Mahmud Şebüsterî -kuddise sırruh- Hazretleri ise şöyle buyurmaktadır:
“Onun peygamberlerin sonuncusuyla tam bir münâsebeti vardır. Bu yüzden umumî rahmet de onunla zuhur eder.” (Gülşen-i Râz)
Resulullah -sallallahu aleyhi ve sellem- Efendimizin nurunu taşıyan, umuma hayat veriyor. O da bir “Sirâc-ı münir”dir. Onun nurunu taşıdığı için dünyaya değil âlemlere şâmildir. Maskede hüküm yok, hüküm Hazret-i Allah’ındır.
Sahibim öyle murad etmiş, vallahi bir nohut kabuğu kadar varlık yaşatmamış ve beni öyle tutuyor. Bunun delilini mi istiyorsunuz?
İmam-ı Rabbanî -kuddise sırruh- Hazretleri:
“O derya donup kalmış buz denizi gibidir, hiç dalgalanmaz.” buyururlar. (260. Mektup)
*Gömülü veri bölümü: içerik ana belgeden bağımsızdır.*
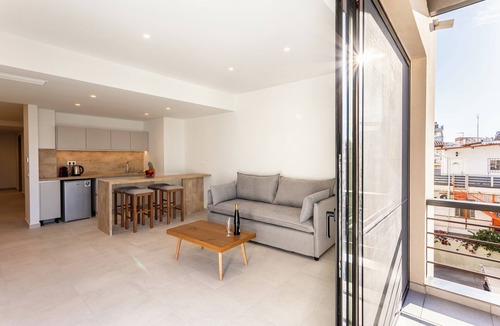 Dafni Apartment | Grec Suites Dafni, Athens Family Apartment by GrecCollection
Bunun sırrı budur. Tabii ki bunları da açmam mümkün değil. Donup kalmış, Allah-u Teâlâ onu dondurmuş. Allah-u Teâlâ ona öyle bir mahviyet bahşetmiştir ki, bütün bu haller, bu vasıflar onun için hiç görülmez, övünmeye şâyan olmaz. Hakk’ı görüyor, Hakk’tan olduğunu görüyor. Kendisinin hiç olduğunu bildiği için, en küçük bir varlık verilmediği için donup kalmıştır.
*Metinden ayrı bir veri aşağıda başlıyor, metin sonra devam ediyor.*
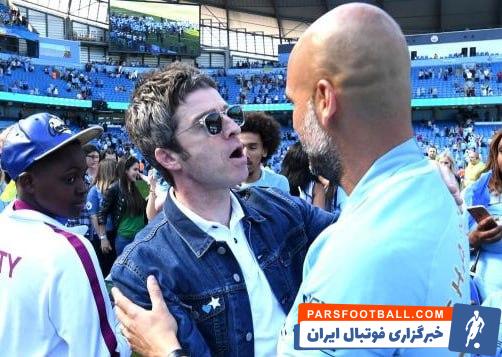 منچسترسیتی ؛ نوئل گالاگر : دوست دارم سیتی در فینال چمپیونزلیگ به اینتر بخورد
Yediyüz küsür sene önce yaşamış olan Abdürrezzak-ı Kâşânî -kuddise sırruh- Hazretleri “Fusûs’ül-Hikem”deki gizli mânâları açmak üzere “Şerh’ül-Kâşânî alâ Fusûsü’l-Hikem” adında bir de şerh yazmış, eserinin 34. sayfasında, Hâtem-i velî’nin ilmine işaret ederek şöyle buyurmaktadır:
“Bütün Resuller bu ilmi eğer Hâtem’ür-Rüsul olan zâttan elde ediyorlarsa, Hâtem’ül evliya olmak hasebiyle bu zât dahi onu kendi Sırr’ının mişkâtından almaktadır. Öyle ki bütün Resuller ile bütün veliler nûrlarını en sonunda Hâtem’ül-evliya’dan almış olurlar.”
Niçin? Onun kademi olduğu için.
Bu zât-ı muhterem de Hakim-i Tirmizî -kuddise sırruh- Hazretlerinin beyanlarını teyid ediyor. Onun içindir ki, siz bu mevzular karşısında şaşırmayın, bocalamayın.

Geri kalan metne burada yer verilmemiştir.